Problem to work on:
Please retype every entry, keeping each one exactly as written.

Records for processing:
--

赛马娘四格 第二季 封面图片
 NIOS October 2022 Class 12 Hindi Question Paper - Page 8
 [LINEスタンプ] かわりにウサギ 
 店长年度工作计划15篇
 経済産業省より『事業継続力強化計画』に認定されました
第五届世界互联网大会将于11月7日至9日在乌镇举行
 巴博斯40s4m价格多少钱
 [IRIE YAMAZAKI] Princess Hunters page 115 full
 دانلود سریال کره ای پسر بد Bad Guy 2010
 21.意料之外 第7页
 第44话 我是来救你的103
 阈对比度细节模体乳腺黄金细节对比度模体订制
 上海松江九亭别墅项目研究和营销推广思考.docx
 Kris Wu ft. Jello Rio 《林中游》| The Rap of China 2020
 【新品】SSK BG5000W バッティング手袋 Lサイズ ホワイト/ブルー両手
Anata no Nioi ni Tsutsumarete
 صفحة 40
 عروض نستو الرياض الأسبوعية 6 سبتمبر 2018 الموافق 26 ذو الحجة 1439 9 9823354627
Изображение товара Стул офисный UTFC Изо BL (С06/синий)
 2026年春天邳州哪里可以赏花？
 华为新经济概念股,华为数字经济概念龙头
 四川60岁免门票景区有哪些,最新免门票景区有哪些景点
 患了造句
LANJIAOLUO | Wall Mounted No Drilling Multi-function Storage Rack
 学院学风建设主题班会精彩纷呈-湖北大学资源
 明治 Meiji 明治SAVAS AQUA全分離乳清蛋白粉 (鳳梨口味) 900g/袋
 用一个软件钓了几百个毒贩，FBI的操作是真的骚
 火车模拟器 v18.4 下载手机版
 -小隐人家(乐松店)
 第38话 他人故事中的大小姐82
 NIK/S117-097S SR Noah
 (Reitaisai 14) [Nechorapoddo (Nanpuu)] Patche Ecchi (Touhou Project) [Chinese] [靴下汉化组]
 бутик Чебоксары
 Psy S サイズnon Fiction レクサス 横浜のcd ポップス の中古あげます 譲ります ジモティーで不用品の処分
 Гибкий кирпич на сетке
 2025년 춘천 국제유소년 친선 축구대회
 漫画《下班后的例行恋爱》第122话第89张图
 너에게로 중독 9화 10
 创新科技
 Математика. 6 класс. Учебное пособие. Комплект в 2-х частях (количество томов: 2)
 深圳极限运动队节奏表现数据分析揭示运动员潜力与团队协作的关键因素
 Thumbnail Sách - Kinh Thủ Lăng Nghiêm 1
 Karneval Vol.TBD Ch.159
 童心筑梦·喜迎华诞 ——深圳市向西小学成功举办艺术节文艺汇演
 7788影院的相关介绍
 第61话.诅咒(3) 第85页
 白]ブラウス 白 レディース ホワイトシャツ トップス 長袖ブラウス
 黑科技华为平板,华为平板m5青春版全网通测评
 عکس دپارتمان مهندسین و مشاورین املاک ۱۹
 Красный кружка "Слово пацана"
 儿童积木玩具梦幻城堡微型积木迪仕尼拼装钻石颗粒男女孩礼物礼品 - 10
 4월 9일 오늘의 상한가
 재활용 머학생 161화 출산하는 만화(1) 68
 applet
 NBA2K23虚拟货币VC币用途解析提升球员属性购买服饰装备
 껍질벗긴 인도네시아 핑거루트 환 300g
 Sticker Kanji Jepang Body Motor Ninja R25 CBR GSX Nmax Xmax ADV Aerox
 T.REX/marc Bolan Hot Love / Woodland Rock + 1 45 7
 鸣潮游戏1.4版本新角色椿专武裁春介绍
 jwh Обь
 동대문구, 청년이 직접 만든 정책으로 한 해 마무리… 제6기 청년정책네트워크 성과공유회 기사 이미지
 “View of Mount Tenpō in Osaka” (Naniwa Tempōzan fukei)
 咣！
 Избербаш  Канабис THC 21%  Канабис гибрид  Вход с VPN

--

Result of this exercise:
赛马娘四格 第二季 封面图片
 NIOS October 2022 Class 12 Hindi Question Paper - Page 8
 [LINEスタンプ] かわりにウサギ 
 店长年度工作计划15篇
 経済産業省より『事業継続力強化計画』に認定されました
第五届世界互联网大会将于11月7日至9日在乌镇举行
 巴博斯40s4m价格多少钱
 [IRIE YAMAZAKI] Princess Hunters page 115 full
 دانلود سریال کره ای پسر بد Bad Guy 2010
 21.意料之外 第7页
 第44话 我是来救你的103
 阈对比度细节模体乳腺黄金细节对比度模体订制
 上海松江九亭别墅项目研究和营销推广思考.docx
 Kris Wu ft. Jello Rio 《林中游》| The Rap of China 2020
 【新品】SSK BG5000W バッティング手袋 Lサイズ ホワイト/ブルー両手
Anata no Nioi ni Tsutsumarete
 صفحة 40
 عروض نستو الرياض الأسبوعية 6 سبتمبر 2018 الموافق 26 ذو الحجة 1439 9 9823354627
Изображение товара Стул офисный UTFC Изо BL (С06/синий)
 2026年春天邳州哪里可以赏花？
 华为新经济概念股,华为数字经济概念龙头
 四川60岁免门票景区有哪些,最新免门票景区有哪些景点
 患了造句
LANJIAOLUO | Wall Mounted No Drilling Multi-function Storage Rack
 学院学风建设主题班会精彩纷呈-湖北大学资源
 明治 Meiji 明治SAVAS AQUA全分離乳清蛋白粉 (鳳梨口味) 900g/袋
 用一个软件钓了几百个毒贩，FBI的操作是真的骚
 火车模拟器 v18.4 下载手机版
 -小隐人家(乐松店)
 第38话 他人故事中的大小姐82
 NIK/S117-097S SR Noah
 (Reitaisai 14) [Nechorapoddo (Nanpuu)] Patche Ecchi (Touhou Project) [Chinese] [靴下汉化组]
 бутик Чебоксары
 Psy S サイズnon Fiction レクサス 横浜のcd ポップス の中古あげます 譲ります ジモティーで不用品の処分
 Гибкий кирпич на сетке
 2025년 춘천 국제유소년 친선 축구대회
 漫画《下班后的例行恋爱》第122话第89张图
 너에게로 중독 9화 10
 创新科技
 Математика. 6 класс. Учебное пособие. Комплект в 2-х частях (количество томов: 2)
 深圳极限运动队节奏表现数据分析揭示运动员潜力与团队协作的关键因素
 Thumbnail Sách - Kinh Thủ Lăng Nghiêm 1
 Karneval Vol.TBD Ch.159
 童心筑梦·喜迎华诞 ——深圳市向西小学成功举办艺术节文艺汇演
 7788影院的相关介绍
 第61话.诅咒(3) 第85页
 白]ブラウス 白 レディース ホワイトシャツ トップス 長袖ブラウス
 黑科技华为平板,华为平板m5青春版全网通测评
 عکس دپارتمان مهندسین و مشاورین املاک ۱۹
 Красный кружка "Слово пацана"
 儿童积木玩具梦幻城堡微型积木迪仕尼拼装钻石颗粒男女孩礼物礼品 - 10
 4월 9일 오늘의 상한가
 재활용 머학생 161화 출산하는 만화(1) 68
 applet
 NBA2K23虚拟货币VC币用途解析提升球员属性购买服饰装备
 껍질벗긴 인도네시아 핑거루트 환 300g
 Sticker Kanji Jepang Body Motor Ninja R25 CBR GSX Nmax Xmax ADV Aerox
 T.REX/marc Bolan Hot Love / Woodland Rock + 1 45 7
 鸣潮游戏1.4版本新角色椿专武裁春介绍
 jwh Обь
 동대문구, 청년이 직접 만든 정책으로 한 해 마무리… 제6기 청년정책네트워크 성과공유회 기사 이미지
 “View of Mount Tenpō in Osaka” (Naniwa Tempōzan fukei)
 咣！
 Избербаш  Канабис THC 21%  Канабис гибрид  Вход с VPN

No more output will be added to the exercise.